Konkret mussten die Bitcoin-Fonds gestern einen Gesamtverlust von 435,3 Millionen Dollar hinnehmen, wie Daten von Farside Investors zeigen.
Seit ihrer Notierung an den US-Börsen am 11. Januar gab es nur zwei Handelstage mit größeren Kapitalabflüssen als gestern. Der letzte war am 4. November, als 541,1 Millionen Dollar aus den Fonds abgezogen wurden. Ein ähnlicher Verlust wurde am 1. Mai mit 563,7 Millionen Dollar verzeichnet.
Betrachtet man die enttäuschenden Ergebnisse von gestern, kann einzig BlackRock auf einen erfolgreichen Tag zurückblicken. Sein IBIT-Fonds verzeichnete einen Zufluss von 267,8 Millionen Dollar.
Die meisten Fonds beendeten den Tag jedoch im Minus. Besonders schlecht schnitt der BITB-Fonds von Bitwise ab, der Abflüsse von 280,7 Millionen Dollar verzeichnete. Auch Fidelitys FBTC-Fonds, der gemeinsame ARKB-Fonds von ARK Invest und 21Shares sowie Grayscales GBTC-Fonds verloren jeweils mehr als 100 Millionen Dollar.

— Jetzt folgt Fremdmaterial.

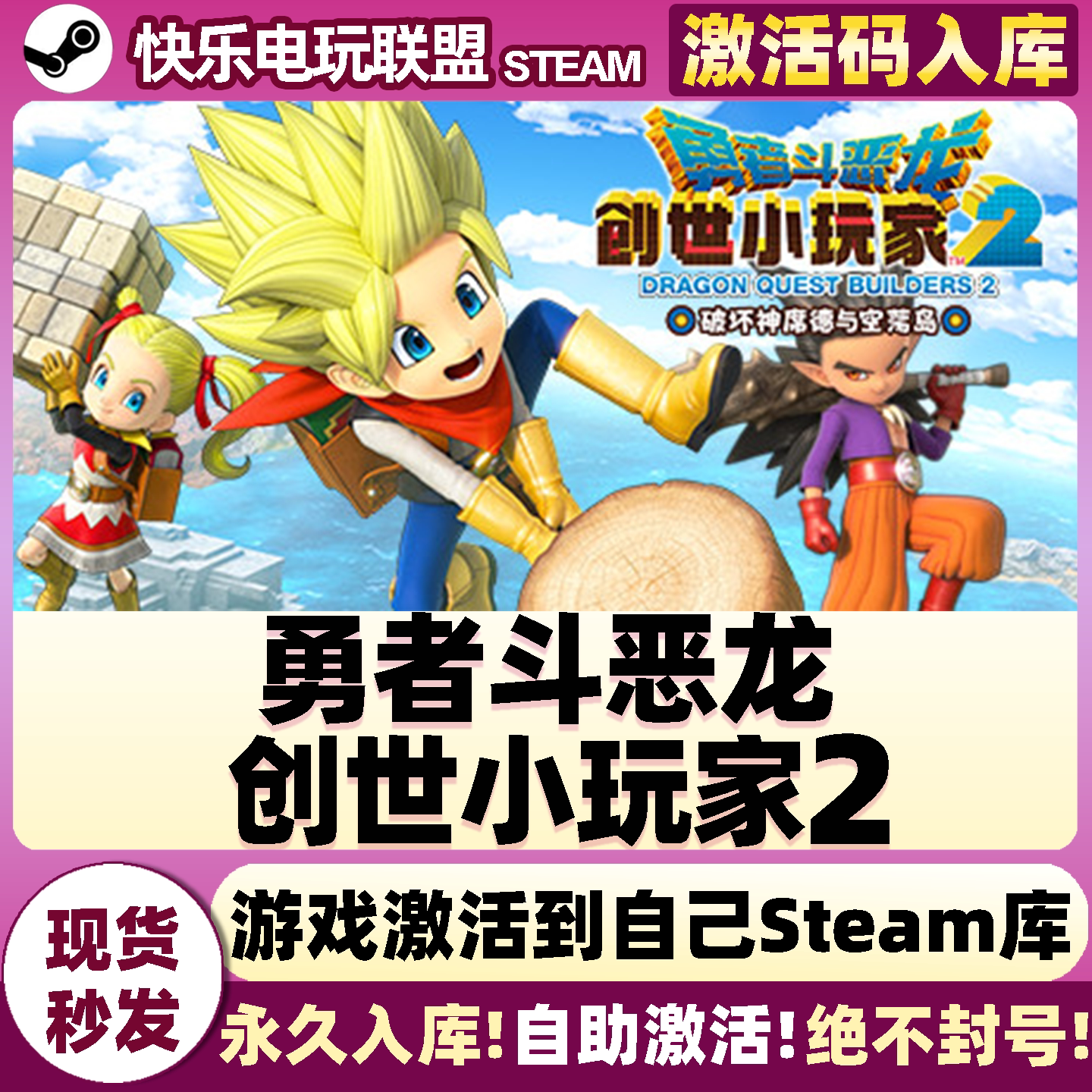 Steam勇者斗恶龙创世小玩家2游戏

Der Bitcoin-Kurs hatte gestern ebenfalls einen schweren Tag. Er fiel von fast 99.000 Dollar auf ein Tief von 92.600 Dollar, was einem Rückgang von mehr als 6 % entspricht. Zum Zeitpunkt des Schreibens wird Bitcoin für 92.900 Dollar gehandelt.
Verluste in dieser Größenordnung treffen besonders hart, wenn man bedenkt, dass die Bitcoin-ETFs in den letzten Wochen außergewöhnlich gut abgeschnitten haben. In den vergangenen drei Wochen konnten die Fonds jede Woche mehr als 1 Milliarde Dollar Zuflüsse verzeichnen. Letzte Woche wurde das wöchentliche Rekordhoch aus dem März von 2,5 Milliarden Dollar mit einem Zufluss von beeindruckenden 3,353 Milliarden Dollar übertroffen, wie bereits im Bitcoin-News berichtet wurde.